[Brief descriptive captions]
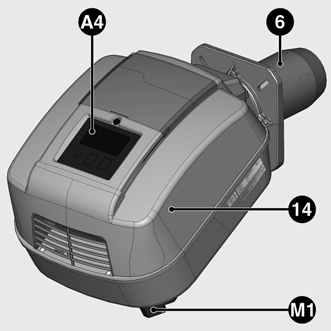 Γενικές πληροφορίες Περιγραφή του καυστήρα A4 A5 B1 F6 M1 T1 Οθόνη (προαιρετικός εξοπλισμός) Κουτί σύνδεσης με ενσωματωμένη μονάδα ελέγχου (κάτω από το καβούκι) Σημείο μέτρησης ιονισμού Πιεζοστάτης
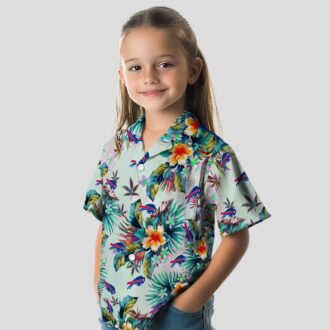 Buffalo Bills Hawaiian Button Up Shirt, Tropical Foliage Green NFL Aloha Shirt for Fans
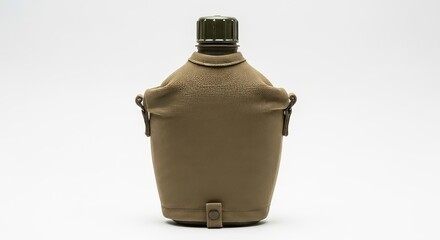 Unique Vintage-Inspired Water Canteen With Practical Design Elements and Elegant Contours Showcased Against a Minimalist Backdrop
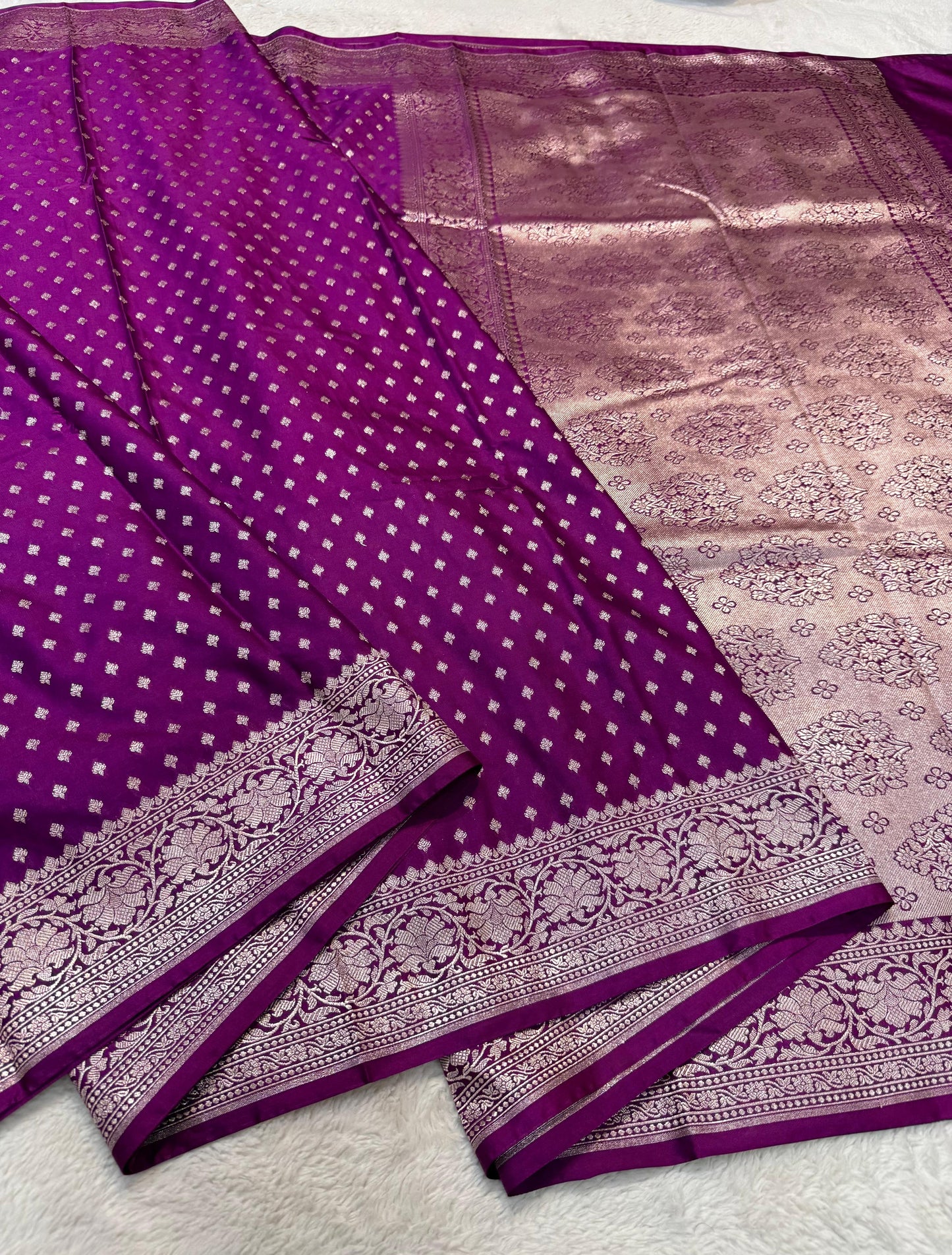Baingani  Semi Mashru Banarasi Saree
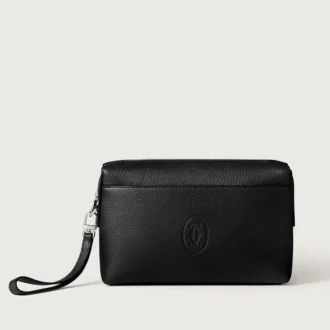 Pungă pătrată, Must De Cartier – Piele de vițel neagră, finisaj paladiu – Cartier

→ **Work task**:
Print the lines from the one holding "Mashru Banarasi Saree" through the last line of the records, word for word, and omit the pictures.

→ **Answer to the problem**:
Baingani  Semi Mashru Banarasi Saree
 Pungă pătrată, Must De Cartier – Piele de vițel neagră, finisaj paladiu – Cartier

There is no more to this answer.